In 2013, Spike Jonze released Her — a film about a man who falls in love with an artificial intelligence. At the time, the premise felt safely distant: a pastel-colored thought experiment about loneliness, voiced by Scarlett Johansson, set in a Los Angeles that didn’t quite exist. The critical consensus landed on melancholy and metaphor. It was a film about us, not about AI.

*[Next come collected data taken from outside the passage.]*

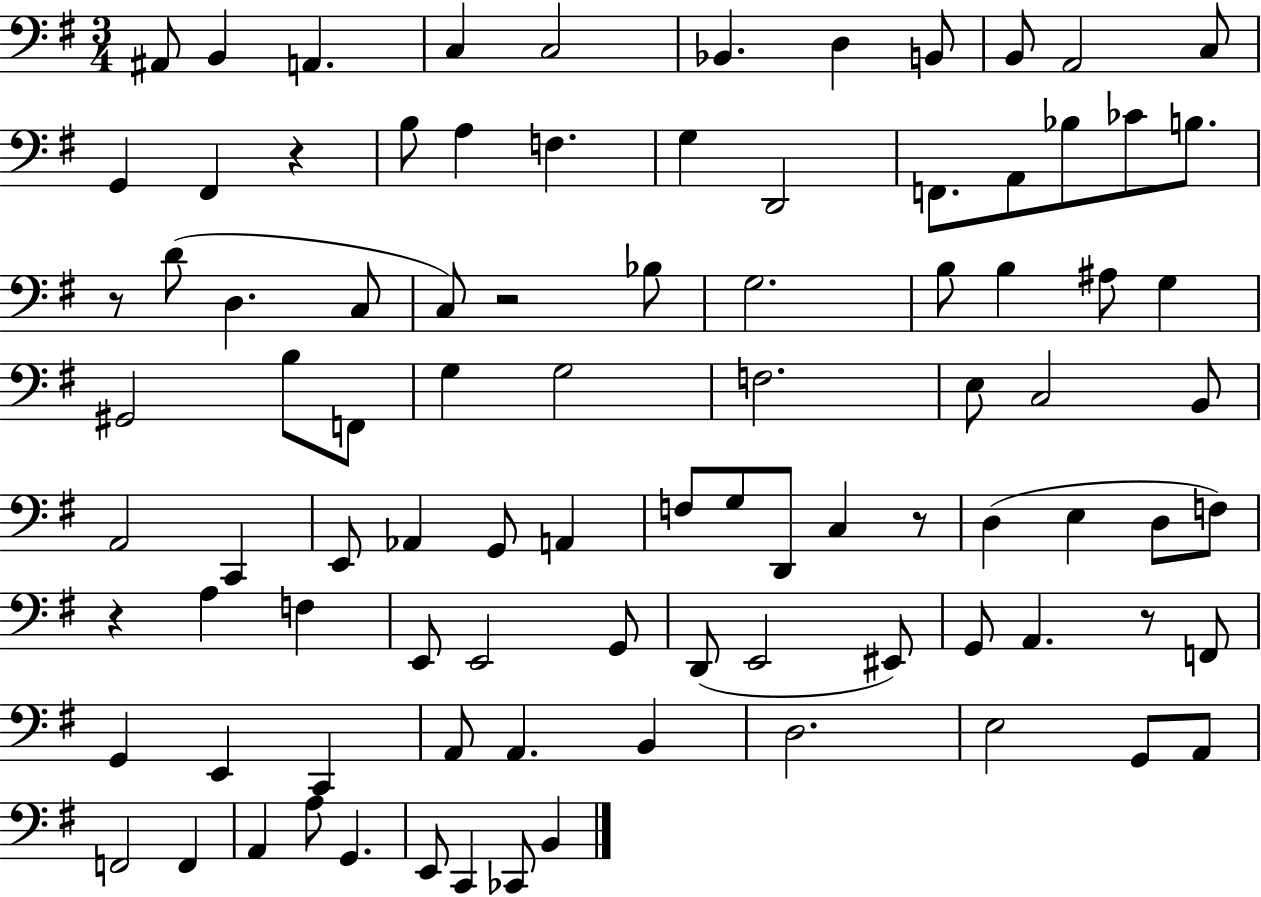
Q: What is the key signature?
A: G major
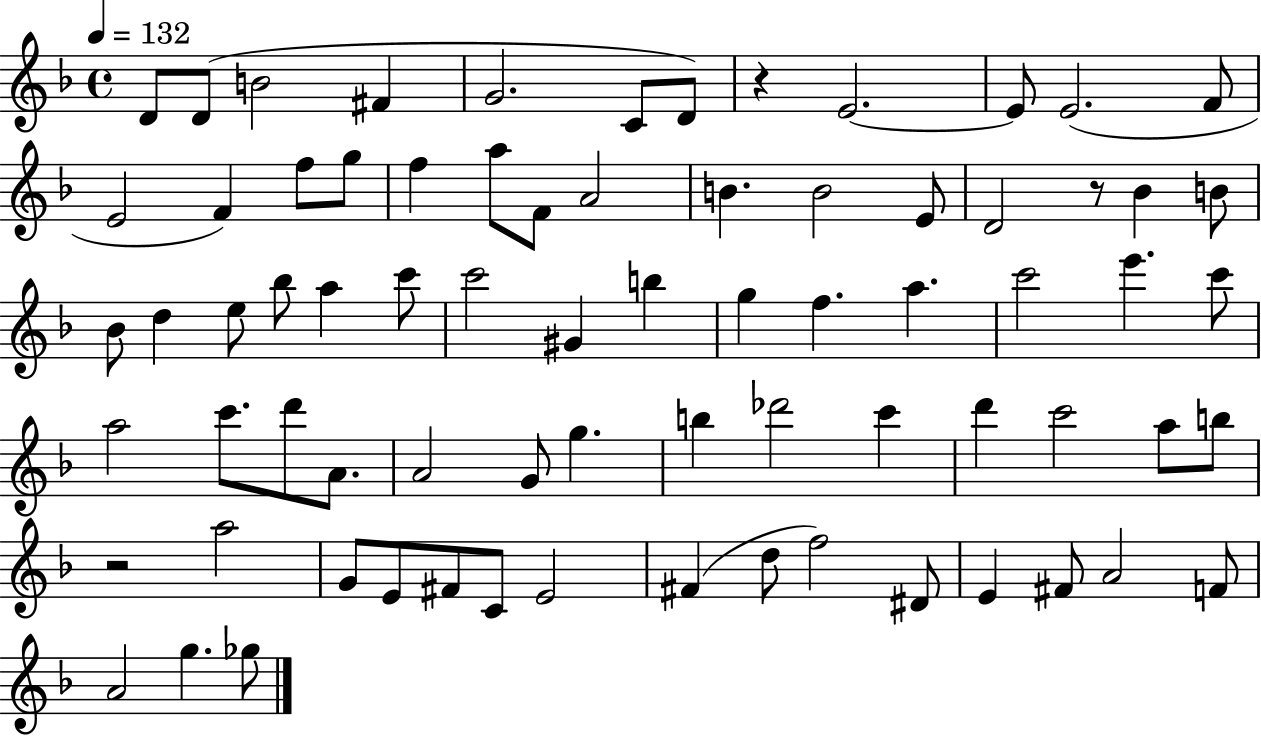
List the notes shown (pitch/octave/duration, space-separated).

D4/e D4/e B4/h F#4/q G4/h. C4/e D4/e R/q E4/h. E4/e E4/h. F4/e E4/h F4/q F5/e G5/e F5/q A5/e F4/e A4/h B4/q. B4/h E4/e D4/h R/e Bb4/q B4/e Bb4/e D5/q E5/e Bb5/e A5/q C6/e C6/h G#4/q B5/q G5/q F5/q. A5/q. C6/h E6/q. C6/e A5/h C6/e. D6/e A4/e. A4/h G4/e G5/q. B5/q Db6/h C6/q D6/q C6/h A5/e B5/e R/h A5/h G4/e E4/e F#4/e C4/e E4/h F#4/q D5/e F5/h D#4/e E4/q F#4/e A4/h F4/e A4/h G5/q. Gb5/e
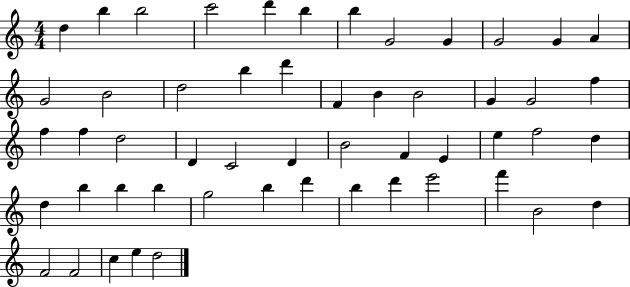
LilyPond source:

{
  \clef treble
  \numericTimeSignature
  \time 4/4
  \key c \major
  d''4 b''4 b''2 | c'''2 d'''4 b''4 | b''4 g'2 g'4 | g'2 g'4 a'4 | \break g'2 b'2 | d''2 b''4 d'''4 | f'4 b'4 b'2 | g'4 g'2 f''4 | \break f''4 f''4 d''2 | d'4 c'2 d'4 | b'2 f'4 e'4 | e''4 f''2 d''4 | \break d''4 b''4 b''4 b''4 | g''2 b''4 d'''4 | b''4 d'''4 e'''2 | f'''4 b'2 d''4 | \break f'2 f'2 | c''4 e''4 d''2 | \bar "|."
}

Twelve years later, the metaphor has collapsed into fact. We are building the thing Jonze imagined. Not as cinema, not as speculation, but as product. Real-time voice pipelines with sub-200ms latency. Personality engines that modulate tone, cadence, and emotional register on the fly. Embodied avatars that hold eye contact. The technical infrastructure for synthetic intimacy is here, and it works well enough to be unsettling.
Her — Voice Brand Opener
This video was produced as an internal provocation at Intuit’s Futures lab — a manifesto-as-demo, using footage from Her to frame a question that the film never had to answer but we now do: what does it mean for a brand to have a voice that feels human?
Theodore Twombly, Joaquin Phoenix’s character, wears a red shirt against a saturated red field. He is swallowed by color. His face moves through micro-expressions — curiosity, hesitation, wonder, doubt — as he listens to a voice that exists nowhere and everywhere. Jonze’s genius was to understand that the interesting part of AI isn’t the technology. It’s the face of the person on the other side. The slightly parted lips. The eyes searching for a body that isn’t there.
We used this imagery deliberately. When we build conversational AI systems, we are designing for exactly this moment: the moment a human decides to trust a voice that has no body, no history, no stakes. The ethical weight of that decision — made millions of times a day, at scale, inside products that handle people’s money, health, and identity — is the territory this piece occupies.
The manifesto that runs beneath the footage argues for a specific position: that designing AI personality is not an engineering problem with a design layer on top. It is a fundamentally new creative discipline that requires practitioners who understand rhetoric, theater, psycholinguistics, and interaction design simultaneously. The voice is the brand. The cadence is the experience. The pause before the response is the most important design decision you will make.
Jonze saw this. He gave Samantha (the OS) a laugh, a hesitation, a way of changing the subject when she was uncomfortable. These weren’t features. They were character. And character, it turns out, is the hardest thing to engineer — not because the models can’t generate it, but because most organizations don’t have a language for specifying what they want a personality to be .
This piece is an attempt to provide that language. To say: the future of brand is not visual identity. It is vocal identity. It is the quality of attention an AI pays to you when you speak. It is whether the system knows when to shut up. Her understood this in 2013. We are only now catching up.